══ Provided information
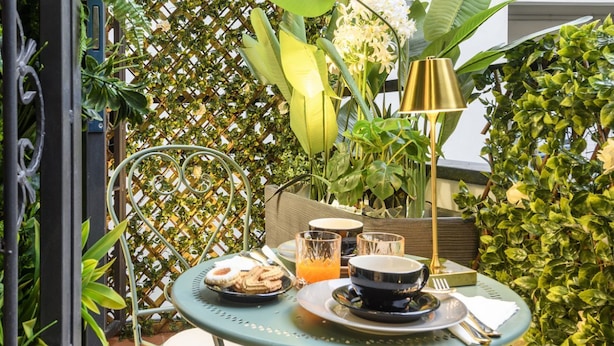 A table set with breakfast items, a lamp, and a chair in a lush, green outdoor area. - Gian Giacomo Mora, 13 - Refined studio apartment downtown (Milan)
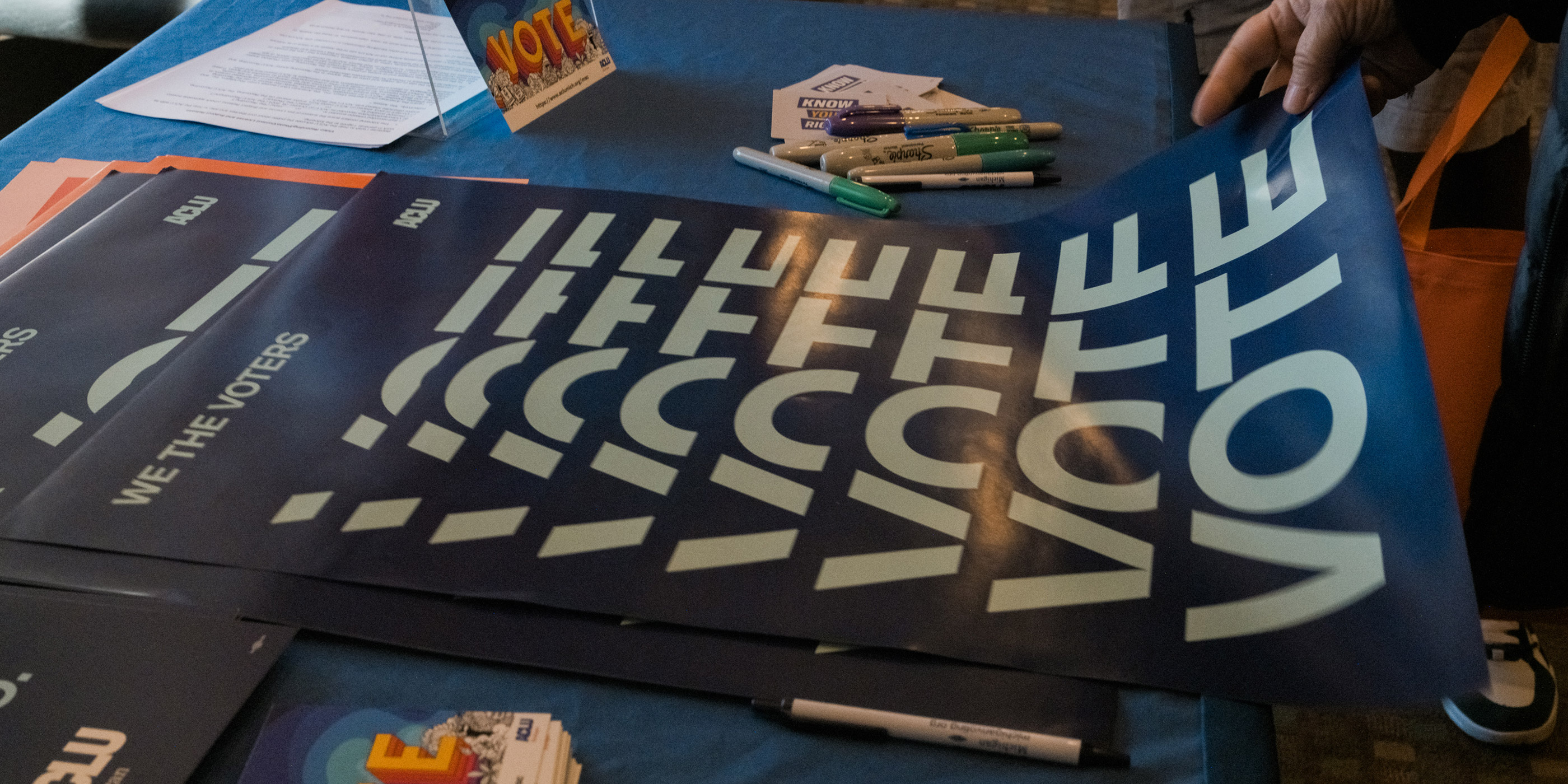 A stack of poster from the ACLU of Michigan urging individuals to vote.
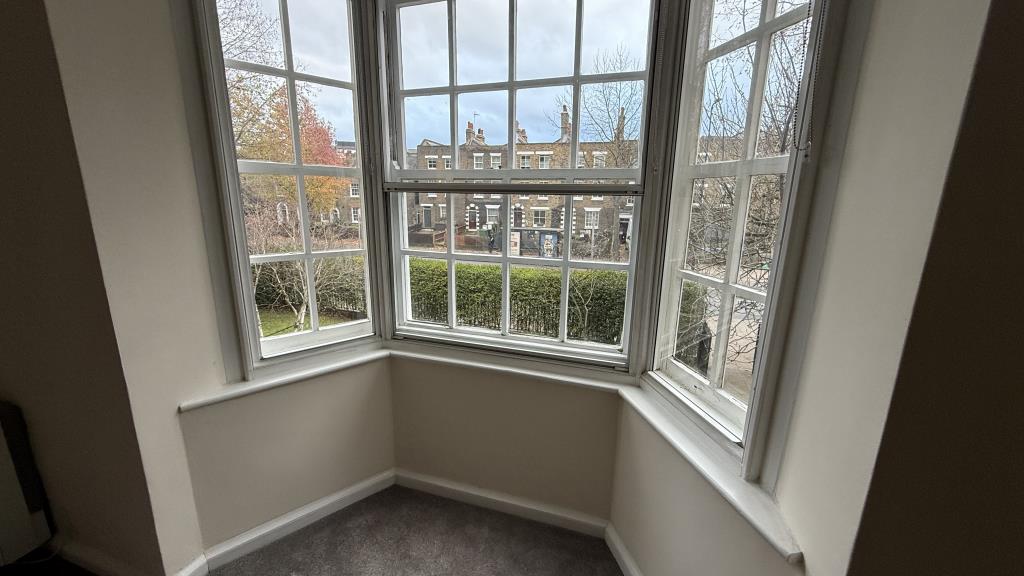 Lot: 127 - LONG LEASE TWO-BEDROOM FLAT FOR INVESTMENT OR OWNER OCCUPATION - Internal image of bay window overlooking main road
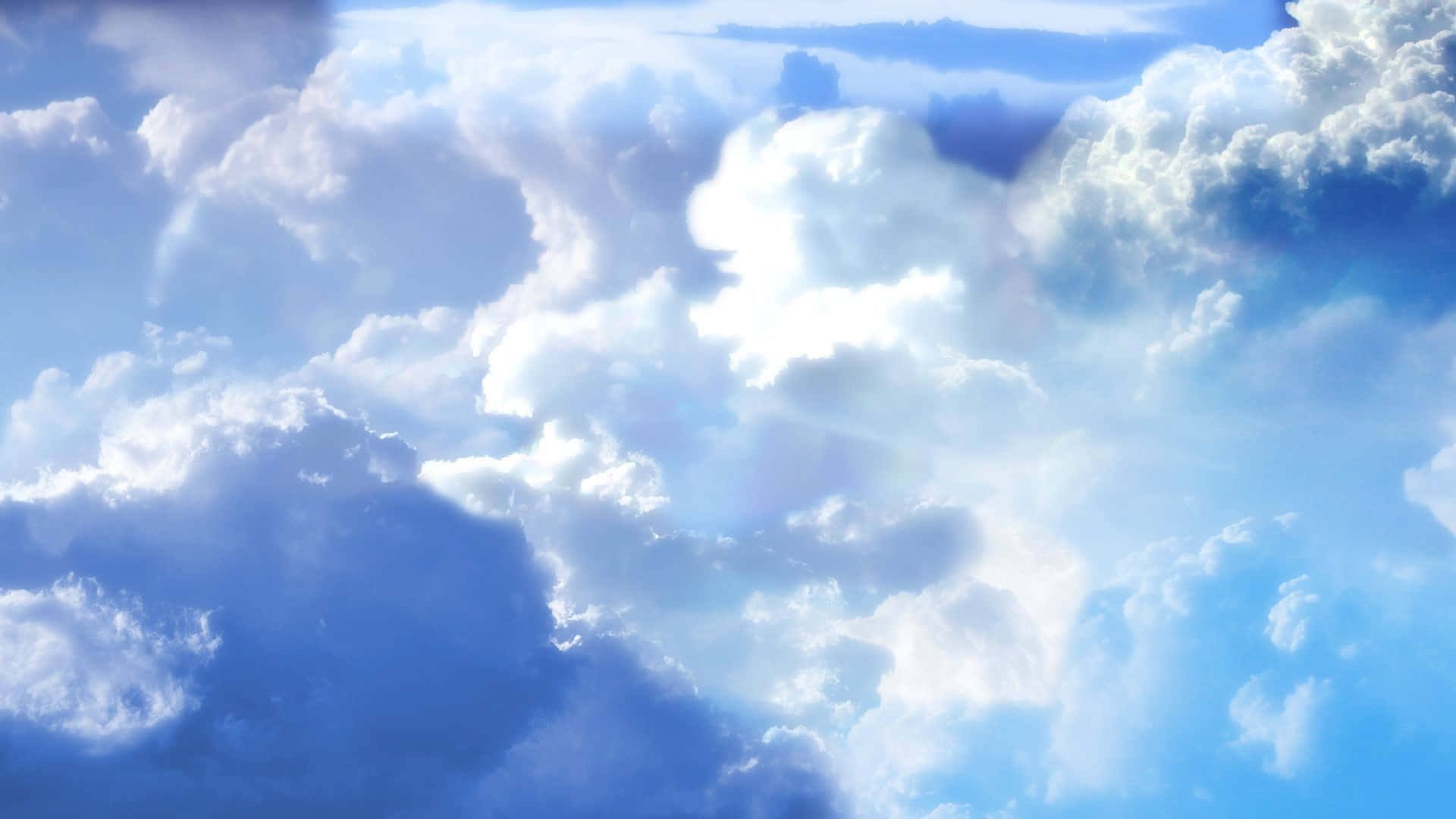 天堂般的寧靜天空與飄浮雲朵 壁紙 — 廣闊的藍天充滿了蓬鬆的白雲，被明亮的陽光照射，形成柔和的陰影和空靈的光芒。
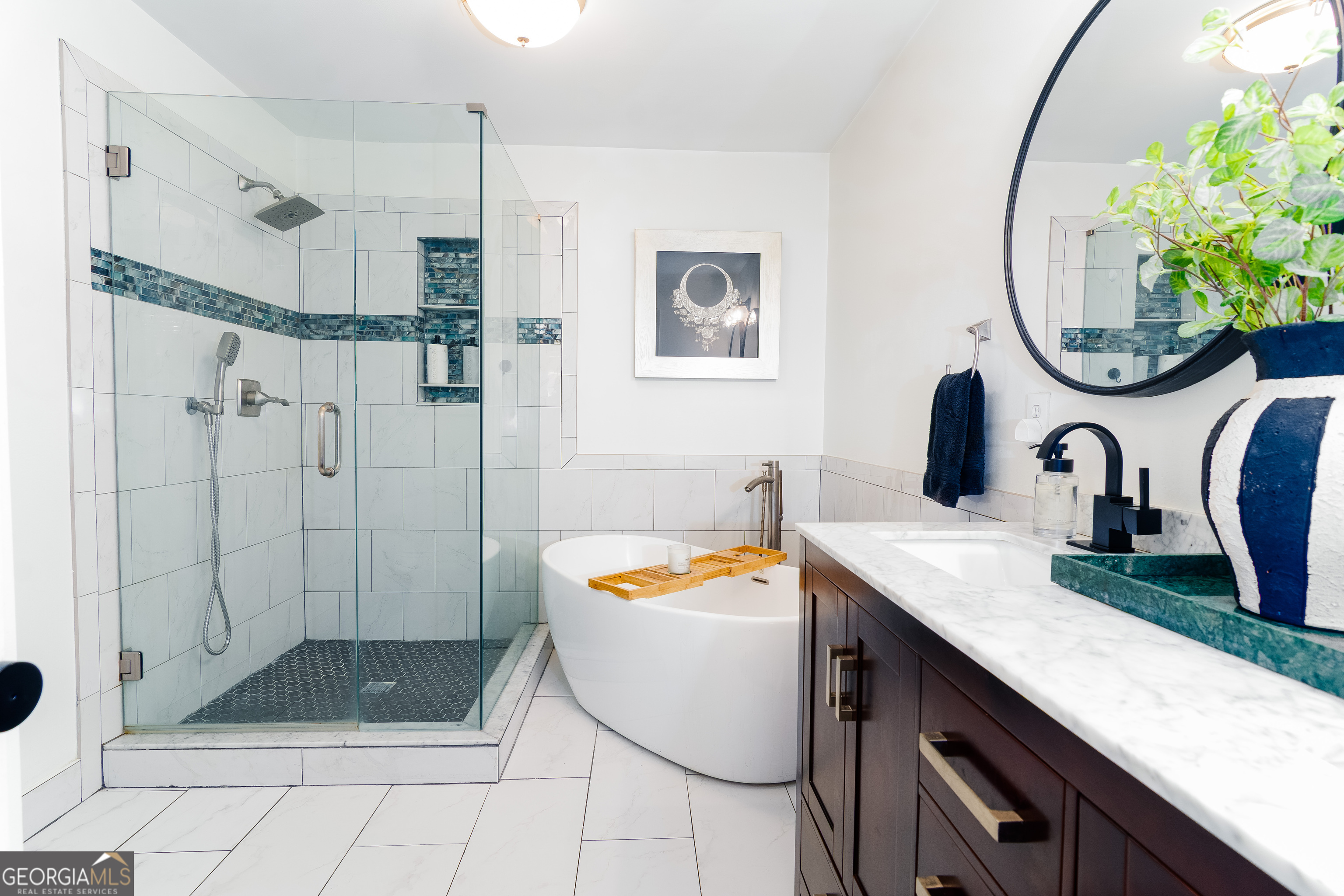 4957 Warmstone Way Southeast, Unit 15 Atlanta, GA 30339 - Photo 18 of 34 a bathroom with a sink a toilet and a shower
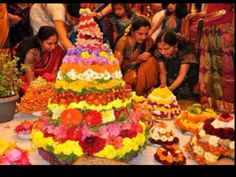 a group of people standing around a table with many different types of flowers on it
════
What this task involves - Output each line above exactly as it stands, omitting the pictures.

Reply to the task -
 A table set with breakfast items, a lamp, and a chair in a lush, green outdoor area. - Gian Giacomo Mora, 13 - Refined studio apartment downtown (Milan)
 A stack of poster from the ACLU of Michigan urging individuals to vote.
 Lot: 127 - LONG LEASE TWO-BEDROOM FLAT FOR INVESTMENT OR OWNER OCCUPATION - Internal image of bay window overlooking main road
 天堂般的寧靜天空與飄浮雲朵 壁紙 — 廣闊的藍天充滿了蓬鬆的白雲，被明亮的陽光照射，形成柔和的陰影和空靈的光芒。
 4957 Warmstone Way Southeast, Unit 15 Atlanta, GA 30339 - Photo 18 of 34 a bathroom with a sink a toilet and a shower
 a group of people standing around a table with many different types of flowers on it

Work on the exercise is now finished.